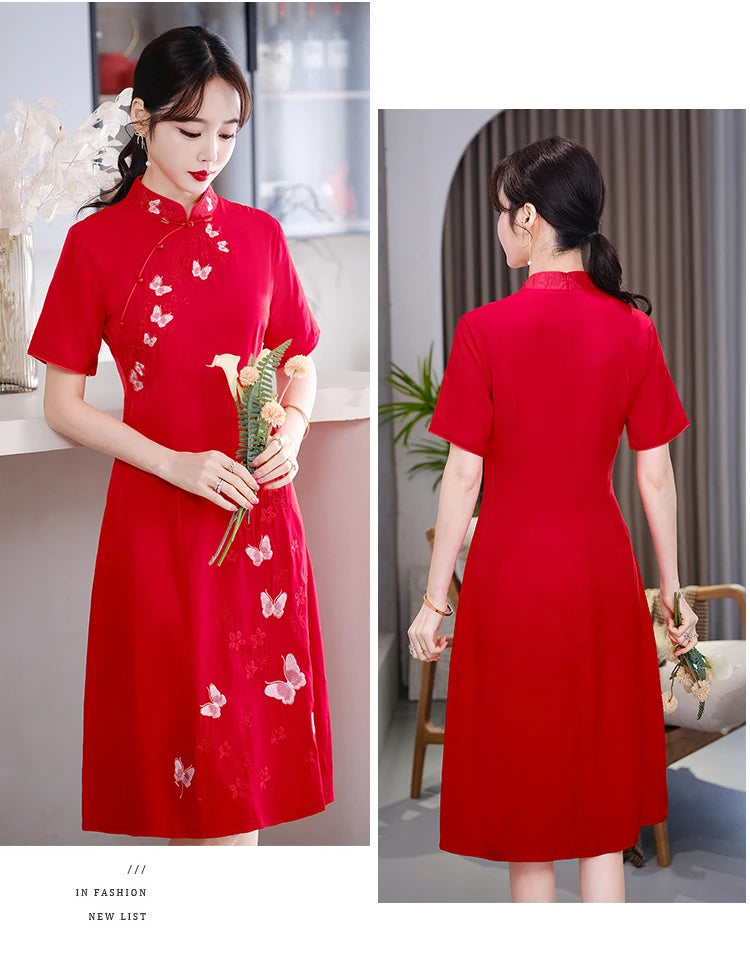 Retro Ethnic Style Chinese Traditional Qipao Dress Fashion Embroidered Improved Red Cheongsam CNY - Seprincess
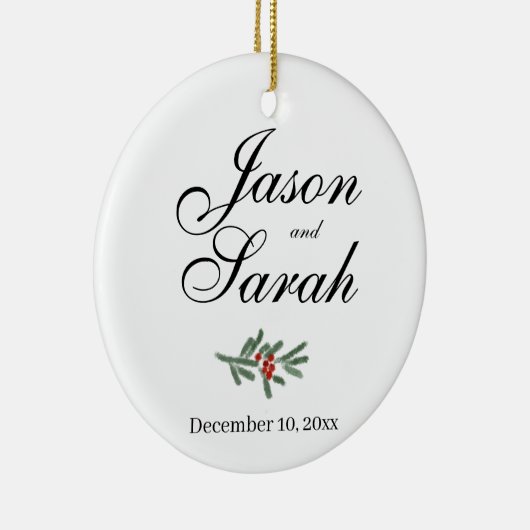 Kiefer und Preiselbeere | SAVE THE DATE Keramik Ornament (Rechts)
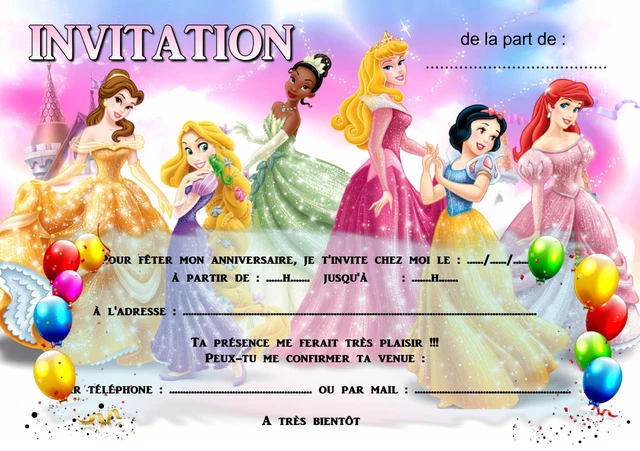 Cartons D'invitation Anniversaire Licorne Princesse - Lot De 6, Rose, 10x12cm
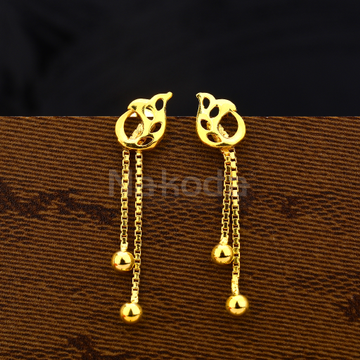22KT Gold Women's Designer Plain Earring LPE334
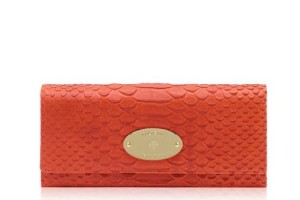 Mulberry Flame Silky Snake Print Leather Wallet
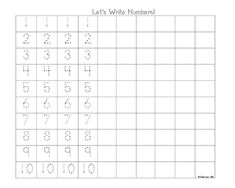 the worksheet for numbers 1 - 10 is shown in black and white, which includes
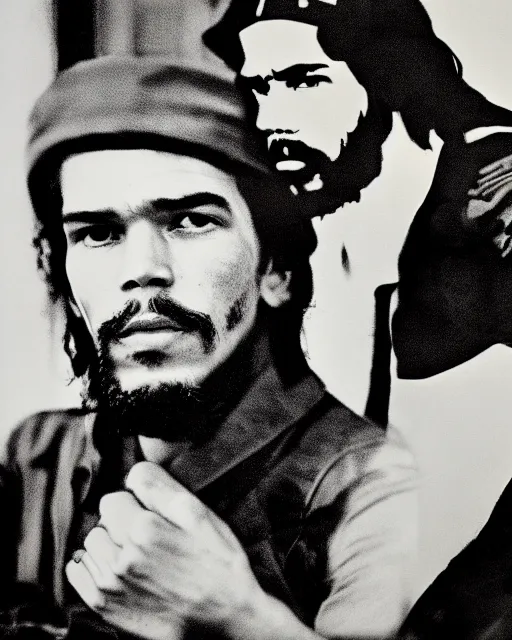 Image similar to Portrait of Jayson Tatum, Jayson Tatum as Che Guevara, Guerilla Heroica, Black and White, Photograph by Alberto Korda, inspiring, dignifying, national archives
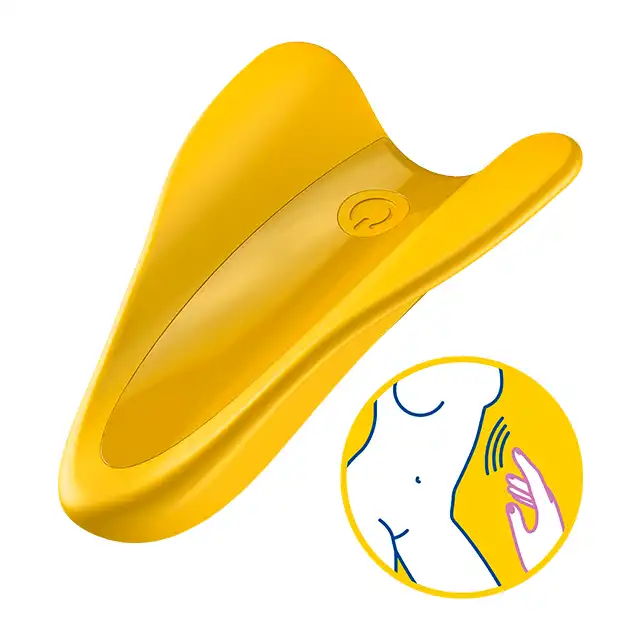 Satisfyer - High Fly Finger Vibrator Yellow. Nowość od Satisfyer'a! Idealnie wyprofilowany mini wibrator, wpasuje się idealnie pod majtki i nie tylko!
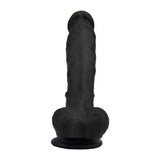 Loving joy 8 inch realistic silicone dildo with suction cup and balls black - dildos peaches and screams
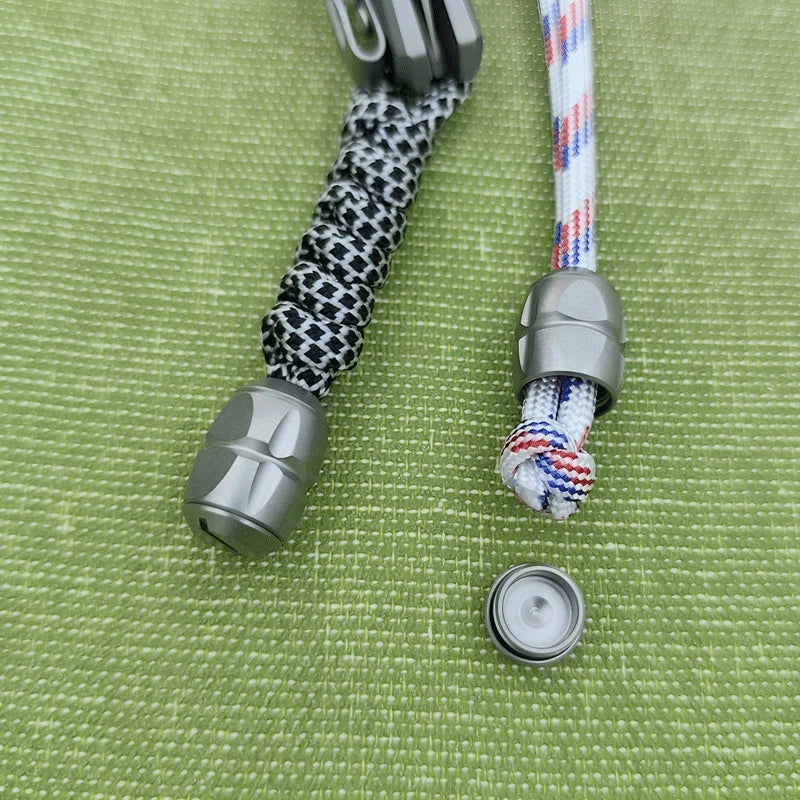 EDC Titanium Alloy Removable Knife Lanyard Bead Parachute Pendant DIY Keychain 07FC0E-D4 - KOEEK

- [How to complete this task] The records above are to be repeated exactly, with the pictures left out.

- [Written reply]
 Retro Ethnic Style Chinese Traditional Qipao Dress Fashion Embroidered Improved Red Cheongsam CNY - Seprincess
 Kiefer und Preiselbeere | SAVE THE DATE Keramik Ornament (Rechts)
 Cartons D'invitation Anniversaire Licorne Princesse - Lot De 6, Rose, 10x12cm
22KT Gold Women's Designer Plain Earring LPE334
 Mulberry Flame Silky Snake Print Leather Wallet
 the worksheet for numbers 1 - 10 is shown in black and white, which includes
 Image similar to Portrait of Jayson Tatum, Jayson Tatum as Che Guevara, Guerilla Heroica, Black and White, Photograph by Alberto Korda, inspiring, dignifying, national archives
 Satisfyer - High Fly Finger Vibrator Yellow. Nowość od Satisfyer'a! Idealnie wyprofilowany mini wibrator, wpasuje się idealnie pod majtki i nie tylko!
 Loving joy 8 inch realistic silicone dildo with suction cup and balls black - dildos peaches and screams
 EDC Titanium Alloy Removable Knife Lanyard Bead Parachute Pendant DIY Keychain 07FC0E-D4 - KOEEK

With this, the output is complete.